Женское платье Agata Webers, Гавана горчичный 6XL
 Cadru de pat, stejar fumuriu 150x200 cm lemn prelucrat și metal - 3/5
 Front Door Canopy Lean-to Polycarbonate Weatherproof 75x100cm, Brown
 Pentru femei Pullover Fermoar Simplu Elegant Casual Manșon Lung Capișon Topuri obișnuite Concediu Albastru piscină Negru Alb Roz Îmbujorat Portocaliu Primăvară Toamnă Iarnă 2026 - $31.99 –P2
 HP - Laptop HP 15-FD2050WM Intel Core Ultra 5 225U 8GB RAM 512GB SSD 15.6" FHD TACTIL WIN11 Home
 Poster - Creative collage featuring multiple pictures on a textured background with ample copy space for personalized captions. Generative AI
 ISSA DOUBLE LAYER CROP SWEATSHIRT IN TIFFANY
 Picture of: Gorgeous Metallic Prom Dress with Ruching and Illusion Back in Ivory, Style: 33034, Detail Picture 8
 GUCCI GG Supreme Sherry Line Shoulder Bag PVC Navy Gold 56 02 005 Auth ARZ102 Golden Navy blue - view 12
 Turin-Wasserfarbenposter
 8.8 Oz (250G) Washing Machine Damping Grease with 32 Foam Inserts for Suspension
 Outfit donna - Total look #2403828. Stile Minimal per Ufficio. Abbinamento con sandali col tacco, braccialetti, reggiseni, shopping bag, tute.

--

### Task instructions
Exactly as written, please transcribe the lines from the start of the records above to the line that holds "HP - Laptop", both ends included.

### Response below
Женское платье Agata Webers, Гавана горчичный 6XL
 Cadru de pat, stejar fumuriu 150x200 cm lemn prelucrat și metal - 3/5
 Front Door Canopy Lean-to Polycarbonate Weatherproof 75x100cm, Brown
 Pentru femei Pullover Fermoar Simplu Elegant Casual Manșon Lung Capișon Topuri obișnuite Concediu Albastru piscină Negru Alb Roz Îmbujorat Portocaliu Primăvară Toamnă Iarnă 2026 - $31.99 –P2
 HP - Laptop HP 15-FD2050WM Intel Core Ultra 5 225U 8GB RAM 512GB SSD 15.6" FHD TACTIL WIN11 Home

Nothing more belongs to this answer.